Along came ODBC to the rescue. It standardized core query syntax using the SQL paradigm and allowed, under the covers, the ODBC developer to use an API to translate almost standard queries into the language of each data source. It extended SQL to access new things.
In the meantime, as RDBMS technologies began to try to find ways around the basic limitations of relational databases, the companies added extra features such as stored procedures that extended SQL even further from the origins of basic definition and query of relational structures.

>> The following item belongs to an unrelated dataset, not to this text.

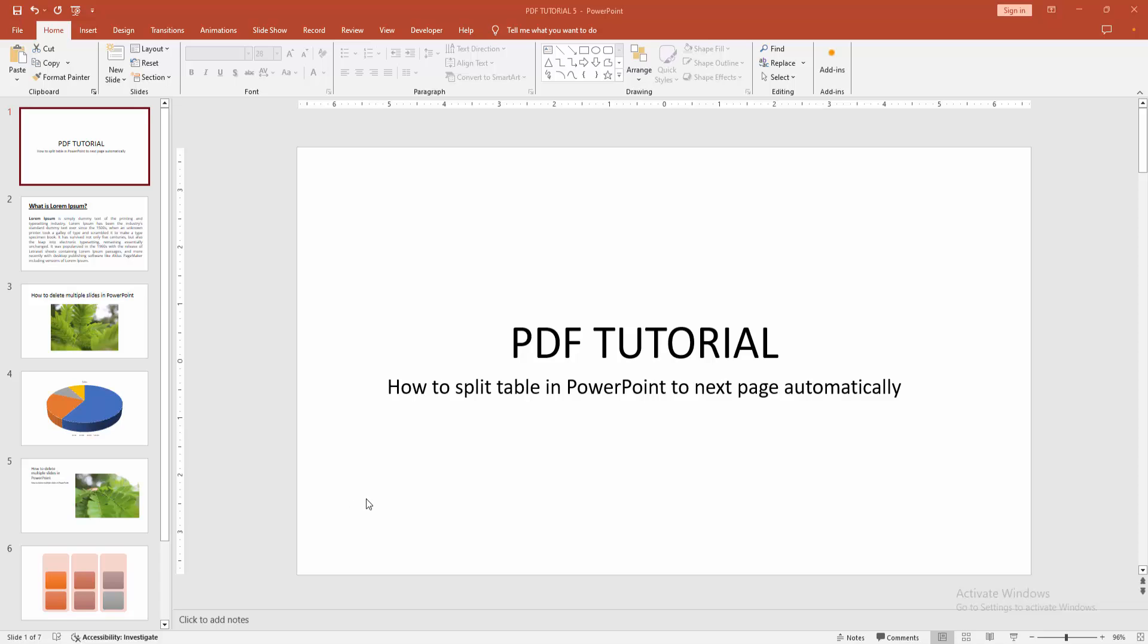Hello friends, how are you? Welcome back to my another video. In this video I am going to show you how to split table in PowerPoint to next page automatically. Let's get started.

So now we have a mass of coders who have only worked with large, primarily Web oriented databases using non-RDBMS technology. No surprise, they had to code their own interfaces and queries, getting into the details of the newer systems. At the same time, they probably brushed through and overview of RDBMS and SQL in school and then never used it again.
That meant a misunderstanding of the difference between database and query. Therefore, the message of No SQL will retard their progress in integrating their solutions with the existing IT data infrastructure.
There’s a large need for people who can work with Hadoop and other younger data sources. There’s also a vast pool of people who know SQL. Yes, there will always be a need for Hadoop gurus just as there is for every technology, but the folks wanting to get information out of data sources don’t need to know the data sources, they need to get the information – and they know SQL.
A number of vendors have figured that out and are now offering SQL as a means to access Hadoop. It’s a natural fit, an extension of what the people pushing Hadoop are hoping to achieve. Hadoop and other distributed, non-row based architectures are there to expand knowledge. They’re great ways to better understand the vast body of data coming in from many new sources. However, until you can get that data to the business knowledge worker, it’s not information. SQL is the clearest way to quickly bridge that gap.
The people who realize that it’s not an either/or decision, who understand that Hadoop and SQL not only can but should work together are the people who will drive their companies forward by quickly addressing real business needs.
SQL v Hadoop is the wrong conversation. SQL and Hadoop is the right one.